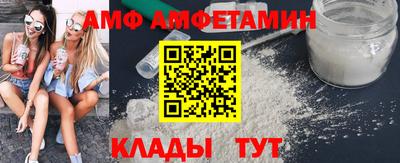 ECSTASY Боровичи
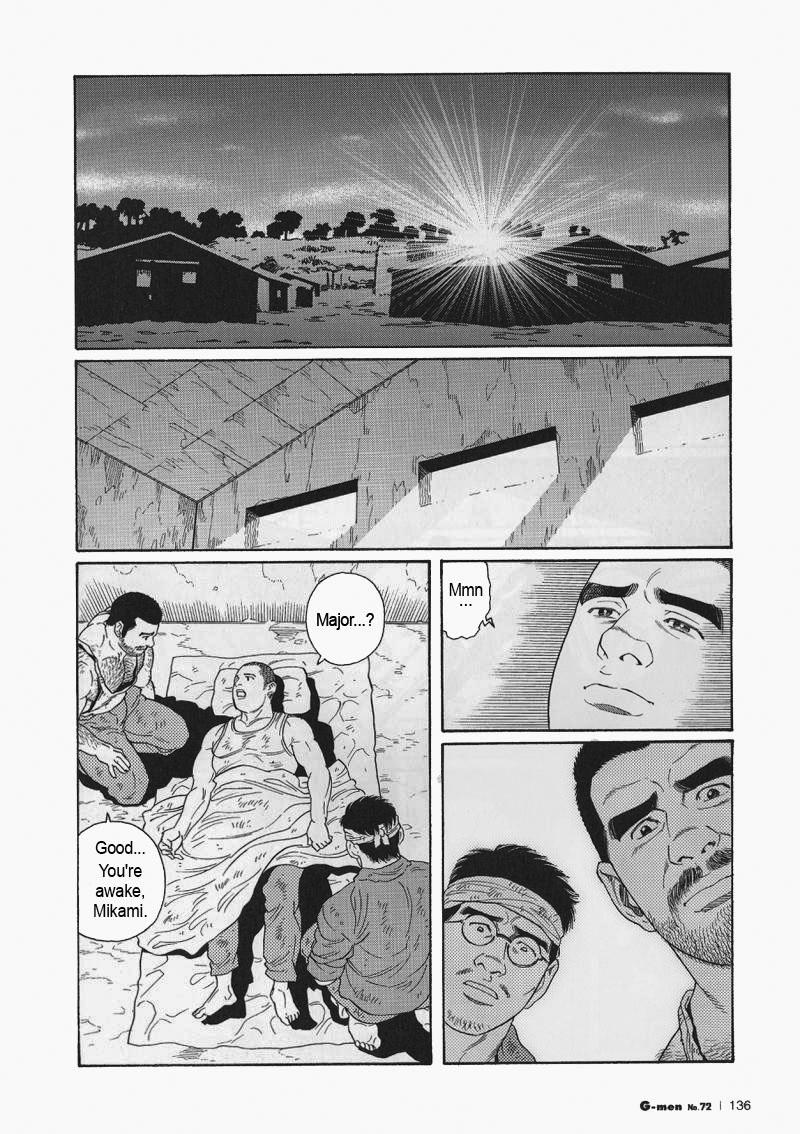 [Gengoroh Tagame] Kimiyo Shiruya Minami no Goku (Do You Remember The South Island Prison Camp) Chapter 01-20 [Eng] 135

--

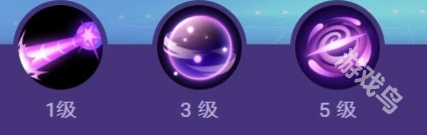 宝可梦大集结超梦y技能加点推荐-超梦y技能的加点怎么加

--

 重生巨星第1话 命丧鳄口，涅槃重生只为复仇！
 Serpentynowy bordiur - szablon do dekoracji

--

• **WORK REQUEST**:
Using the records above, return verbatim only the part that opens with the line containing "ECSTASY Боровичи" and closes with the line containing "[Gengoroh Tagame] Kimiyo"; pictures stay out.

• **RESPONSE TO THIS EXERCISE**:
 ECSTASY Боровичи
 [Gengoroh Tagame] Kimiyo Shiruya Minami no Goku (Do You Remember The South Island Prison Camp) Chapter 01-20 [Eng] 135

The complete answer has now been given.